Multi-tenancy is a simple promise with long consequences: many companies use one application, and their data must never be visible to each other — not sometimes, but always. This is the pattern I use in two production systems (Dexova and Helixio), plus the traps I ran into.
Choose the isolation model deliberately
There are three common options: a separate database per tenant, a separate schema per tenant, or one shared schema with a tenant column. For a SaaS with many small-to-mid tenants, a shared schema is almost always the right starting point: cheapest to operate, one migration run, and onboarding a new tenant is practically free.
The price: isolation becomes entirely the responsibility of application discipline. Every query must be scoped to a tenant — and 'every' here really does mean every.
Tenant context you cannot forget
The classic mistake: relying on every developer to remember to add the tenant filter to a query. Forget once, and data leaks. Tenant context must flow from authentication through the entire execution path — in Go, via a context.Context populated by middleware after the token is validated, then read by the data layer.
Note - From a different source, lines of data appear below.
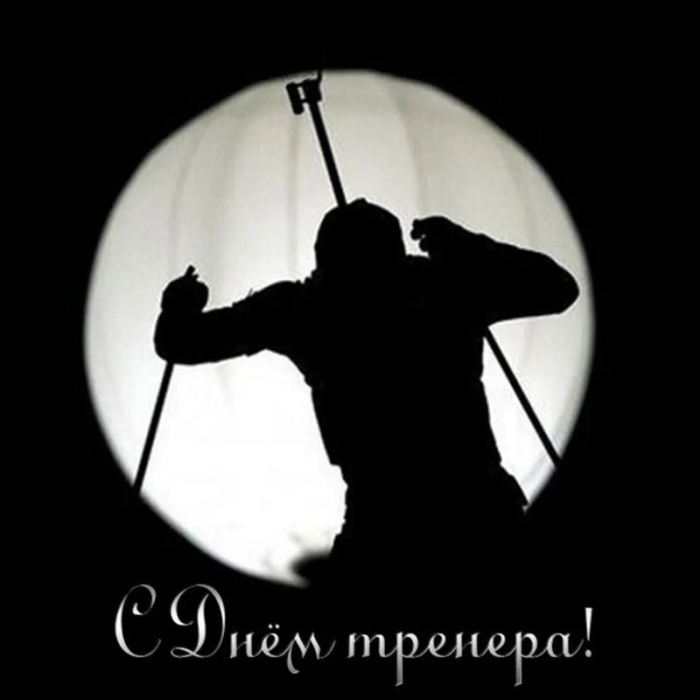 Картинки и открытки с Днем тренера (90 штук). Открытки с Днем тренера (по видам спорта)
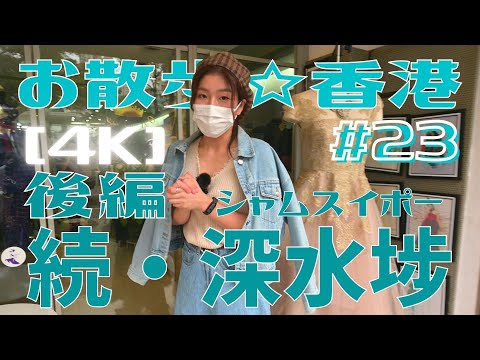 <Hong Kong> [4K] Caminhada nº 23 “Continuação Sham Shui Po” Parte 2 ~ Um mergulho profundo nas lojas TaylorMade e no distrito de café | Foto tirada em 6 de outubro de 2021 | Sham Shui Po, Hong Kong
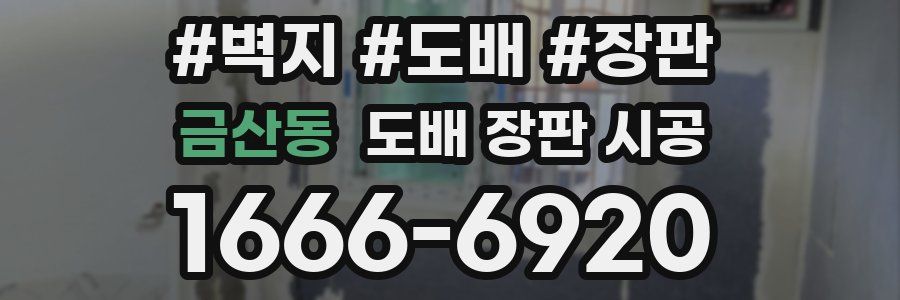 금산동 도배 장판 시공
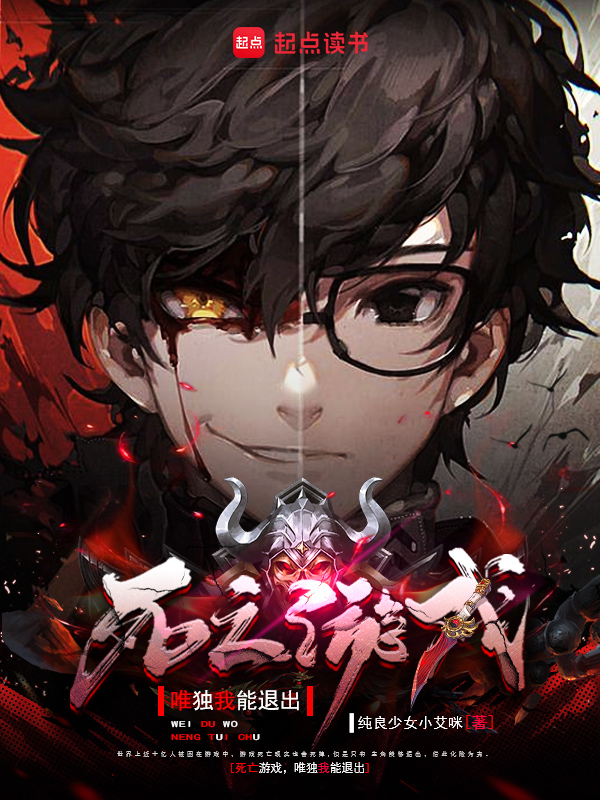 《死亡游戏,唯独我能退出》小说封面制作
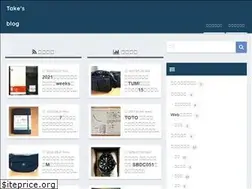 Sites similar to takeweb.net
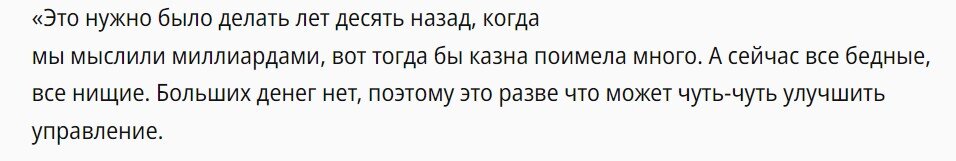 Новая приватизация в России: банкиры и либералы ЗА, остальные как-то не очень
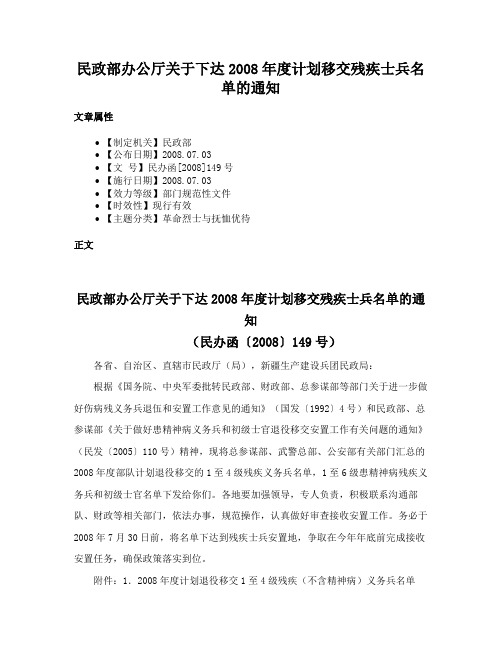 民政部办公厅关于下达2008年度计划移交残疾士兵名单的通知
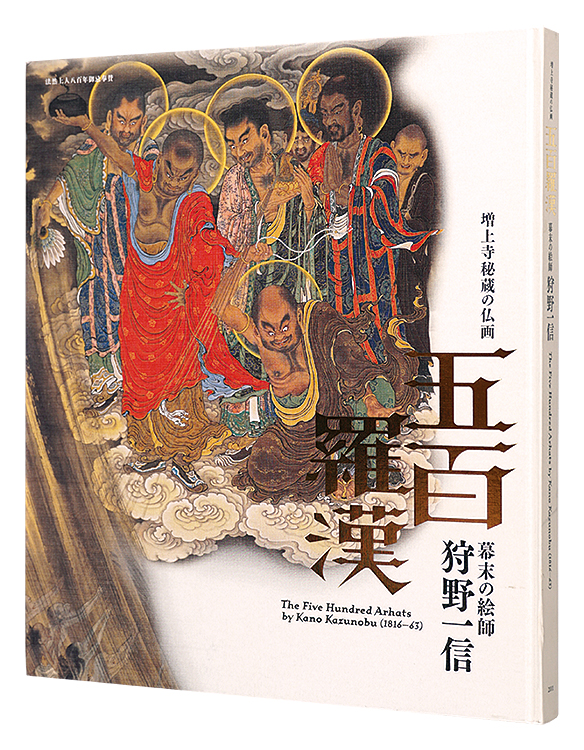 「法然上人八百年御忌奉賛　五百羅漢 幕末の絵師 狩野一信 増上寺秘蔵の仏画」広瀬麻美編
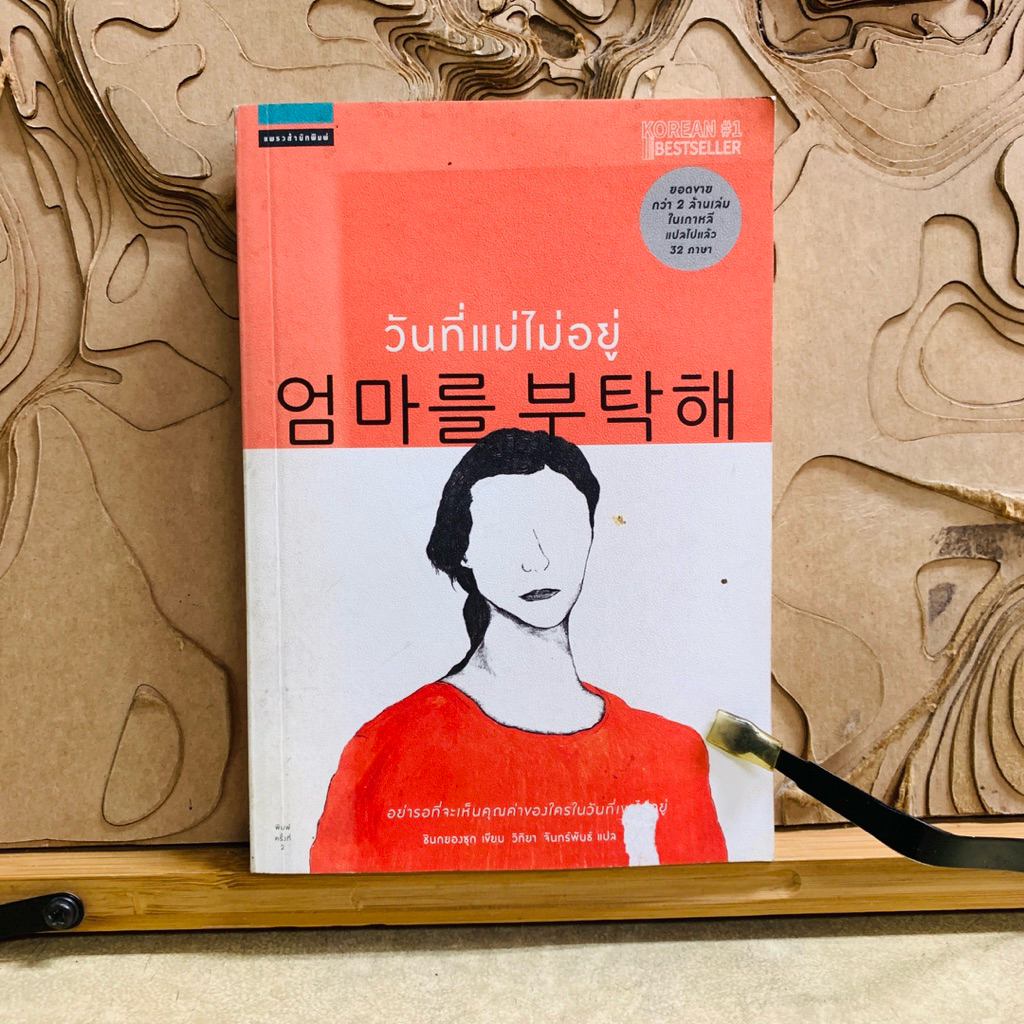 พ881 วันที่แม่ไม่อยู่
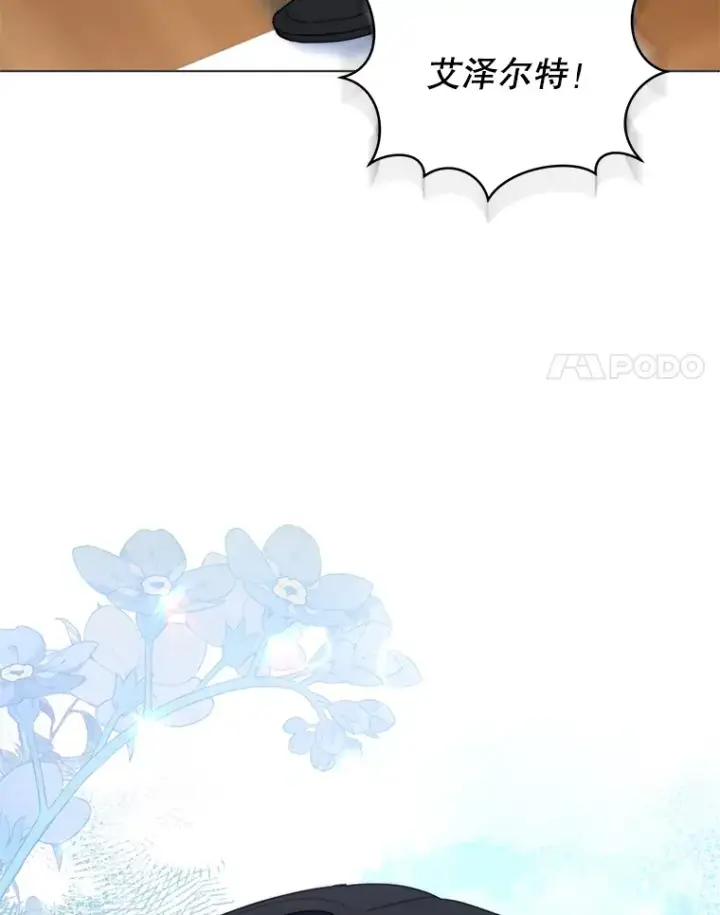 漫画《契约夫妻的每一夜》39.第一场比赛第119张图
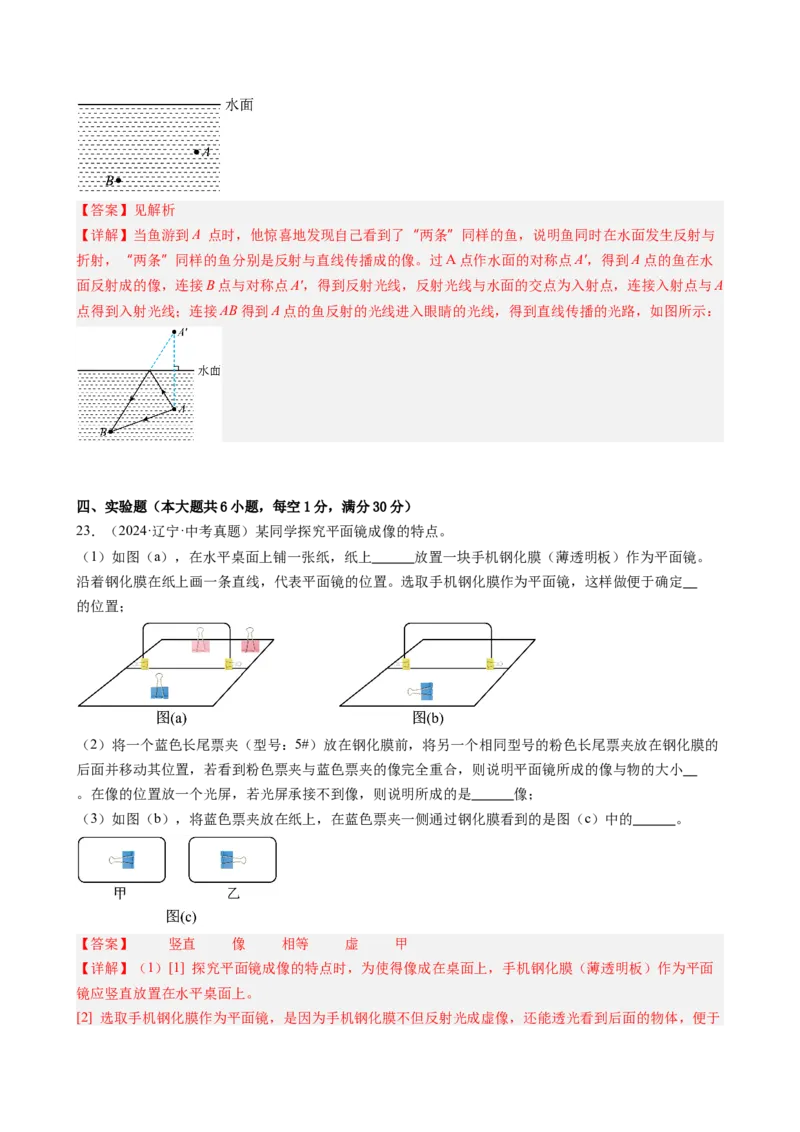 第四章光现象单元练习（教师版）_初物_八年级上下册+九年级全一册物理_八年级物理上册_讲义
The principle: the safe path must be the easiest path. A query helper that takes the tenant from context explicitly turns 'forgot the filter' from a silent bug into code that looks obviously wrong at review time.
RBAC on top of isolation, not instead of it
Tenant isolation answers 'which company's data' — it does not yet answer 'who can do what'. In Helixio I use four roles (Owner, Admin, Member, Viewer) per workspace; in Dexova, per-module roles (e.g. cashier vs manager in POS, with access revocation from the dashboard).
They are different layers, and should not be mixed: the tenant check happens in the data layer, the permission check in the use-case layer. Mixing them makes both hard to test.
Traps that only bite later
- Background jobs: an async job has no request — tenant context must be carried explicitly in the job payload, not pulled from 'the currently logged-in user'.
- Cache keys: a key without a tenant prefix is a data leak waiting for a schedule. Namespace every key per tenant.
- Global vs tenant data: reference tables (e.g. bank lists, public holidays) are intentionally global — mark clearly which ones are global so nobody 'fixes' them by adding a tenant column.
- Exports and reports: the path that most often joins many queries — and the most common place for a single filter to be missed. Isolation testing matters most exactly here.
Summary
Multi-tenancy is not a feature but a property the architecture has to protect: tenant context that flows automatically, a safe path that is the easiest to use, and healthy suspicion toward every path that does not go through a request — jobs, caches, and reports.